- **Work required**
Find the line with "Washed Tencel Lace" in the entries below, then reproduce it and every line after it down to and including the line with "Premium NFL CHI", exactly.
===== Material provided =====
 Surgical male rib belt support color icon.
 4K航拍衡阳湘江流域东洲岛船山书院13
=====
===== Material provided =====
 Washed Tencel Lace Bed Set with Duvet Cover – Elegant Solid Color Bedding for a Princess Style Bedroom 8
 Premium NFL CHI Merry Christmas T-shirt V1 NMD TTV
=====
- **Final answer**
 Washed Tencel Lace Bed Set with Duvet Cover – Elegant Solid Color Bedding for a Princess Style Bedroom 8
 Premium NFL CHI Merry Christmas T-shirt V1 NMD TTV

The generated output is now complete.